John McCain's recovery from surgery just complicated the Senate's Obamacare repeal vote
- Author: Adam Floyd Jul 17, 2017,
Jul 17, 2017, 18:53
Prior to Obamacare, 79 million - more than one in four Americans - either lacked health insurance or were underinsured. McCain has not revealed how he plans to vote on the bill but has expressed concerns about it in its current form, particularly in regard to how it was written: by McConnell, behind closed doors.
The Congressional Budget Office (CBO) will release an updated score of the legislation Monday. The bill cuts taxes, restrains spending, and - courtesy of the tireless efforts of Senators Ted Cruz and Mike Lee - modestly deregulates.
John Kennedy said the "unfair treatment" under McConnell's original bill would have cost the state $2 billion.
The Republicans have a 52-48 margin control in the Senate and require a minimum of 50 yes votes to proceed with legislation to repeal and replace Obamacare, making Senator John McCain's vote critical to the survival of the legislation. "It would affect our rural hospitals and our nursing homes".

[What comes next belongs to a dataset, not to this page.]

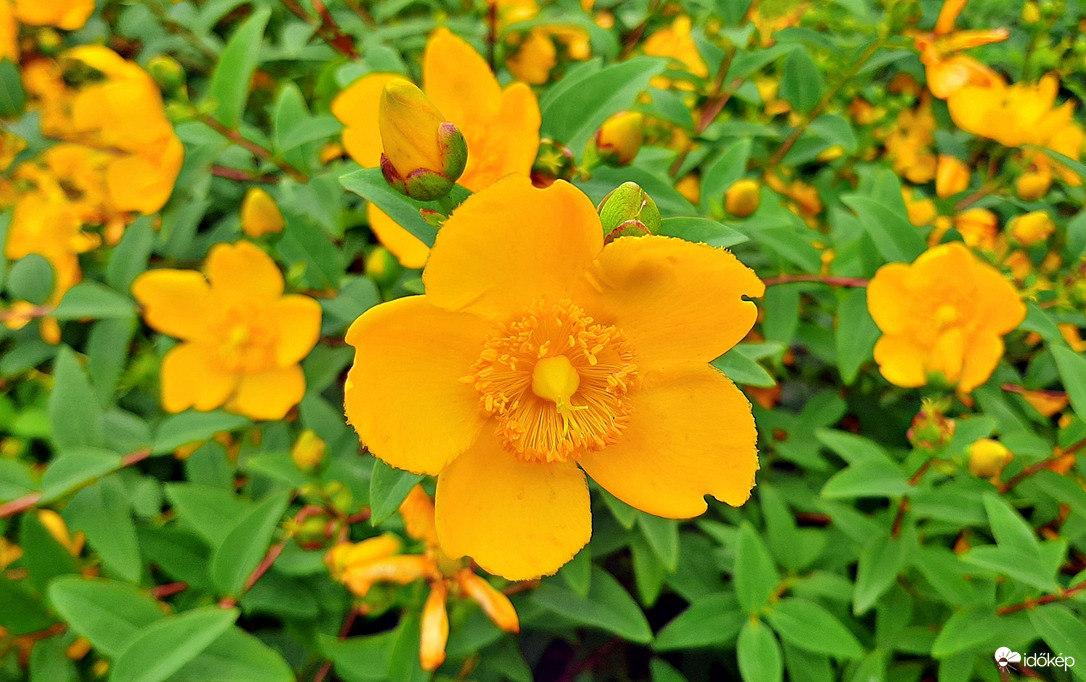 Ragyogó, napsárga orbáncfű :)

Paul continued to attack the bill as well.More news: Knicks sign free-agent guard Tim Hardaway Jr
"The revised Senate health care bill released today does not include the measures I have been advocating for on behalf of the people of Arizona", he said in a statement Thursday. "But the problem is it's being done in the context of keeping all of the overall regulatory scheme of Obamacare". But that scenario, critics and the insurance groups argue, leaves sick people in sicker, costlier risk pools, meaning higher premiums. After a speech in which Pence claimed 60,000 disabled Ohioans were waiting to get care, a spokesman for Ohio Republican Gov. John Kasich dismissed the claim as false on Twitter.
A week ago, McConnell chose to cancel the first two weeks of the Senate's traditional August recess to allow more time for deliberations on the health bill and other issues. A key Senate vote - Nevada's Dean Heller - has tied his support to Sandoval's.
Going into this week, Sens.
McCain's absence would have left Republicans short of enough votes to advance the debate, even without other Republicans withholding their support. "But at some point, if Democrats won't participate in the process, then we're going to have to come up with a different plan".
Well, we didn't see this coming.
The Senate parliamentarian is also expected to decide next week whether the Cruz amendment adheres to the chamber's rules on reconciliation, which would requires only a simple majority for passage. The first is whether the bill, disappointing as it is, represents a substantial improvement over the status quo.